だが安倍首相の計算はそう都合よく進みそうにない。10年前の小泉政権時の場合と同様、常任理事国入りへの抵抗は減少していないどころか、自分でトラブルを作り出してさえいる。日本が拠り所としている米国も、集団的自衛権容認には支持を表明しているが、「常任理事国入り」には10年前と同様、反対もしないし積極的に支持もしないという態度を決め込んでいる。米国は実際には、国連が根本的に改革されることは望んでおらず、安保理を大規模拡大するくらいなら現状を維持し、内部の仕組みの改革だけに終わらせたいと考えている。さらにドイツなども「常任理事国入り」には慎重な態度を取っている。

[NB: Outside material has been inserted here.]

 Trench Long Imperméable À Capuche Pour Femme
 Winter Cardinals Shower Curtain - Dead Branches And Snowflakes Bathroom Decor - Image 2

日本が実現に奔走している「4カ国グループ」主導の改革案に米国は乗ることなく、他国が反対しているという理由で間接的な否決に持ち込もうとする可能性が高い。
さらに韓国を含む一部の国は、日本の「常任理事国入り」の努力に対抗する姿勢を取っており、反対勢力として結集している。日本などの提案の実現には、国連加盟国193カ国のうち129カ国の支持を取り付ける必要がある。常任理事国を11カ国に増やすという急進的な提案は事実上ほぼ不可能だ。安倍首相は中国・韓国・ロシアなどの核心的な利益を無視し、領土問題や歴史問題で自分のやり方に固執し、挑発と見られても仕方のない行動を繰り返している。日本の常任理事国入りに、現常任理事国の中国とロシアの賛同を取り付けるのは、天に登るよりも難しいだろう。
常任理事国拡大の提案が否決されることはほぼ間違いない。非常任理事国拡大も実現には様々な困難が伴う。安倍首相の進める「常任理事国入り」は、自己満足の政治ショーに終わる可能性が高い。